However, Shandong (HK) was given indulgence by the FI and has not received any letter of demand.  In addition, Shandong (HK) has todate serviced all interest payments as requested by the FI.

2.         Dates of the default in payment
The dates of default in instalment repayments of principal sums are 20 October 2016, 20 January 2017 and 20 April 2017.

3.         Reasons for the default
Shandong (HK) is unable to repay the instalment of the principal sums due to the following reasons:-
(i)         Delay in the completion of the construction of the thermal power plant as a result of the inability of the main contractor to deliver within the agreed time period and the prolonged severe winters, and the longer than expected time required to stabilise the plant;
(ii)        Time taken to negotiate with potential steam users on the terms to purchase the steam generated; and
(iii)       Delay by authorities in the certification of the thermal power plant resulting in the delay of issuance of the Power Generation Certificate which was only issued on 3 March 2017.  The delay has ultimately derailed the schedule for full commercial production.

4.         Measures taken by the Company to address the default
(i)         The Company has engaged in several discussions with the FI prior to the first due date for repayment.  During this period, the Company has agreed to the request of the FI to service interest payments.  The discussion between the Company and the FI includes the request to revise the tenure of the loan and to restructure the loan in order to complement the prolonged completion of the thermal power plant for it to become fully operational;
(ii)        The Company has concurrently engaged with another bank to explore alternative refinancing arrangement for the thermal power plant;
(iii)       The Company is exploring with potential purchasers who indicated their interest to acquire the thermal power plant; and
(iv)       As an alternative, the Company is also looking at monetising certain property assets of the Dolomite group of companies (“the Group”).

5.         Legal implications of the default including the extent of the Company’s liability in respect of the obligations incurred under the agreements for the indebtedness
There is no legal implication at this stage as no legal action has been taken by the FI against the Group.
The credit facilities are secured against, amongst others, certain assets of the Group and corporate guarantee by the Company.

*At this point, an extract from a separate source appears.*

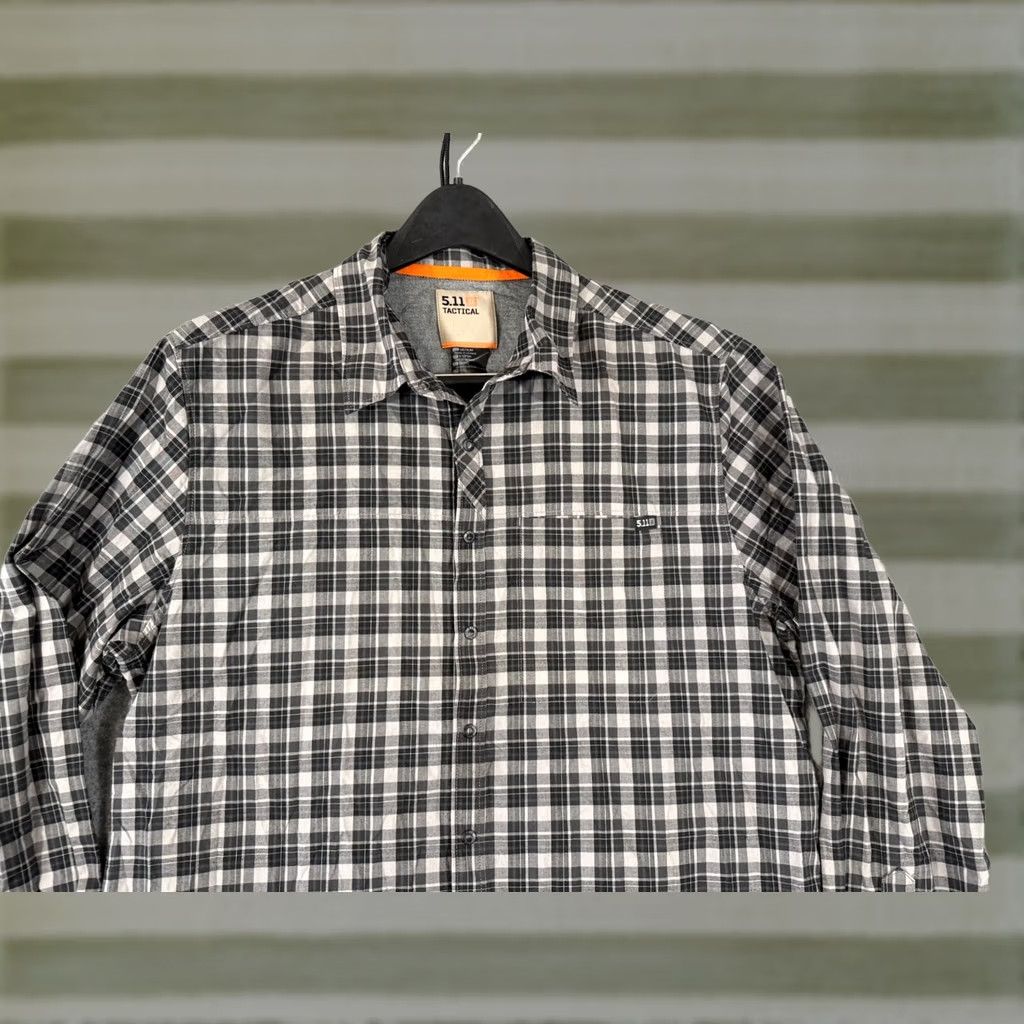 Vintage 5.11 Tactical Shirt Mens M Gray Button Black Plaid Long Sleeve Snaps Workwear Size US M / EU 48-50 / 2 - 1 Thumbnail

6.         Business, financial and operational impact of the default on the Company
The default in the instalment repayments of principal sums is approximately RM30 million.
Although Shandong (HK) has defaulted in the instalment repayments of the principal sums to the FI, the Group is able to continue with its existing business with current resources.  The Group is actively pursuing the measures as mentioned in Item 4 (Measures taken by the Company to address the default) and is expected to resolve the financial position of the Group in the near future.      

7.         In the event the default is in respect of secured loan stocks or bonds, the lines of action available to the guarantors or security holders against the listed issuer
Not applicable.

8.         In the event the default is in respect of payments under a debenture, to specify whether the default will empower the debenture holder to appoint a receiver and manager
Not applicable.

9.         Cross default
There is no cross default.
10.       Where the default is in respect of a subsidiary or associated company, a confirmation as to whether the subsidiary or associated company is a major subsidiary or major associated company, as the case may be
Shandong (HK) is a major subsidiary.

11.       Where the default is in respect of a listed issuer, major subsidiary or major associated company, as the case may be, a statement as to whether the listed issuer is solvent
The Board, after having inquired into the affairs of the Company, is of the opinion that the Company will be able to pay all its debts as and when they fall due within the period of twelve (12) months from the date of this announcement.

Accordingly, the Company will provide the Solvency Declaration to Bursa Securities within three (3) market days from the date of this announcement.

This announcement is dated 21 April 2017.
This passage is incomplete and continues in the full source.